Selama kegiatan itu, aku mulai sadar kalau dia sering memperhatikan aku lewat hal-hal kecil. Walaupun dari luar terlihat cuek dan kadang nyebelin, ternyata sebenarnya dia orangnya sangat peduli. Tau gak awal mula aku sering dianterin pulang? Waktu itu hujan, sudah malam sekitar jam 9 lebih. Aku bahkan tidak punya yang mengantarkan, sekadar sampai perempatan untuk naik angkutan umum pun tidak ada. Sempat terlintas di pikiranku, mungkin karena aku tidak menarik, jadi tidak ada yang peduli. Tapi tiba-tiba dia bilang, ‘Pulang sama aku aja.’ Padahal kalau mengantarkan aku, dia harus bolak-balik ke asrama.
Dari hal sederhana itu, aku mulai melihat kalau di balik sikapnya yang terlihat cuek, sebenarnya dia sangat peduli. Waktu itu hujan deras, dan aku tidak membawa jas hujan atau payung. Dia malah memberikan jas hujan barunya untuk aku pakai. Sedangkan dia memakai jas hujan lamanya yang sudah jelek dan bolong, jadi tetap kehujanan. Hal kecil itu yang sampai sekarang masih aku ingat, karena dari situ aku melihat seberapa besar perhatiannya
“Setelah kegiatan itu selesai, kami tidak lagi bertemu. Sampai suatu hari aku melihat dia memposting seorang perempuan. Aku tidak tahu siapa dia, tapi saat itu hatiku sempat sedih. Aku berpikir mungkin dia sudah punya seseorang, jadi aku mencoba berhenti berharap dan menganggap semuanya hanya sebatas pertemuan singkat di kegiatan itu. Aku Bahkan sempat memberanikan diri menanyakan siapa perempuan itu, tapi ternyata jawabannya justru membuatku tertawa sendiri.
Sampai akhir 2023 kami sempat lost contact. Tidak ada kabar, tidak ada pertemuan. Waktu berjalan begitu saja.
Namun di tahun 2024, dia kembali hadir dengan cara yang berbeda. Bukan sekadar datang kembali, tapi dengan wajah penuh keseriusan. Saat itu dia berkata ingin lebih dekat denganku dan ingin mengusahakan apa yang aku inginkan.
Di satu momen, aku bahkan sempat berkata kepadanya dengan sedikit bercanda tapi juga serius, “Kalau memang serius, coba datang ke rumah bertemu kedua orangtuaku.” Kalimat itu sebenarnya seperti sebuah tantangan kecil dariku. Aku ingin melihat seberapa besar kesungguhannya. Dan ternyata dia benar-benar datang. Dari situlah aku mulai percaya bahwa niatnya bukan sekadar datang lalu pergi, tapi benar-benar ingin memperjuangkan hubungan ini.
Sejak saat itu kami mulai sering bertemu. Hampir setiap bulan kami meluangkan waktu untuk berbincang—tentang banyak hal, dari yang penting sampai hal-hal sederhana yang mungkin terlihat sepele, tapi justru membuat kami semakin saling mengenal.

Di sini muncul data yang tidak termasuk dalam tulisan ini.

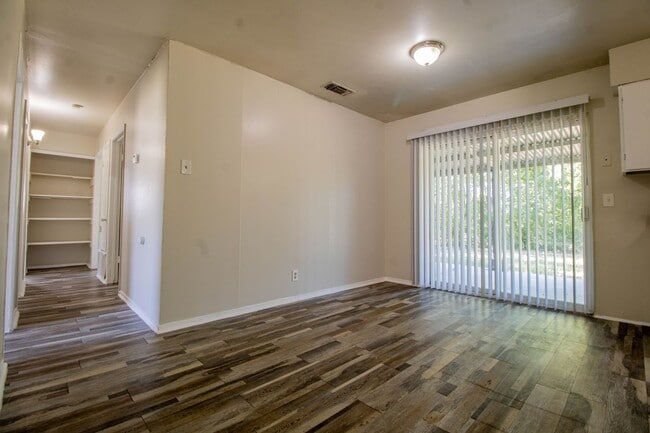Building Photo - 5822 Branch Valley Dr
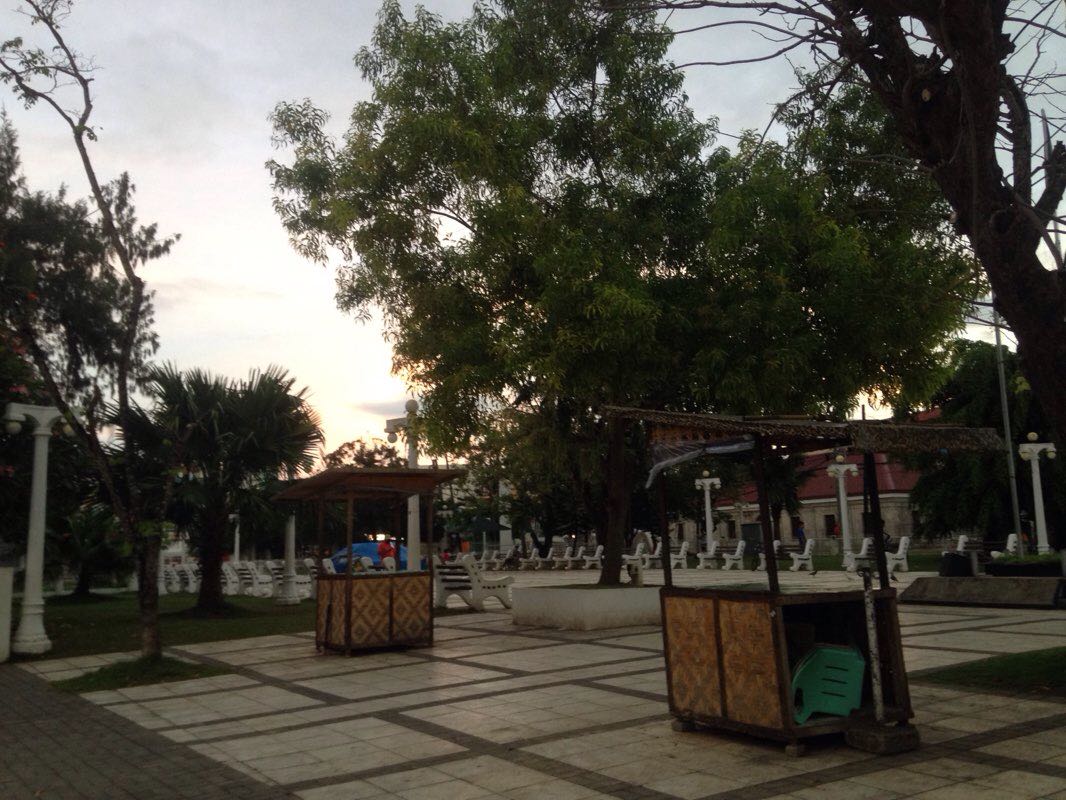 walking near me in Rizal Park in winter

Di tahun itu juga kami bahkan sudah foto prewedding, padahal saat itu kami sendiri belum benar-benar tahu bagaimana jalan cerita kami ke depannya. Waktu terus berjalan, dan tanpa terasa kami berhasil melewati 2024 sampai 2025 bersama. Hubungan ini tentu tidak selalu mudah. Ada naik dan turunnya, ada ragu dan lelahnya. Tapi kami tetap memilih untuk bertahan dan berjalan bersama.
Di penghujung 2025, dia mengatakan sesuatu yang membuat hatiku semakin yakin. “Kita nikah di tahun 2026 ya.” Keyakinannya perlahan menjadi keyakinanku juga.

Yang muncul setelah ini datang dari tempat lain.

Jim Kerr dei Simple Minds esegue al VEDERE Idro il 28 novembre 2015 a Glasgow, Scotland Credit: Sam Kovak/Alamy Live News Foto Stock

Di awal tahun, tepatnya 11 Januari 2026, kami bertunangan secara sederhana. Lalu pada 30 Januari 2026, dia datang melamar dengan membawa kedua orang tuanya ke rumahku. Semuanya memang sederhana, tapi aku tahu betul itu adalah bentuk usahanya.
Begitu cepat semuanya terasa, tapi juga begitu nyata kesungguhannya untuk memperjuangkanku. Dan pada akhirnya kami memutuskan untuk menikah pada 05 April 2026.
Dari yang awalnya kami bahkan tidak punya tanggal jadian, kini kami justru memiliki tanggal pernikahan—tanggal dimana perjalanan kami benar-benar dimulai bersama, untuk selamanya.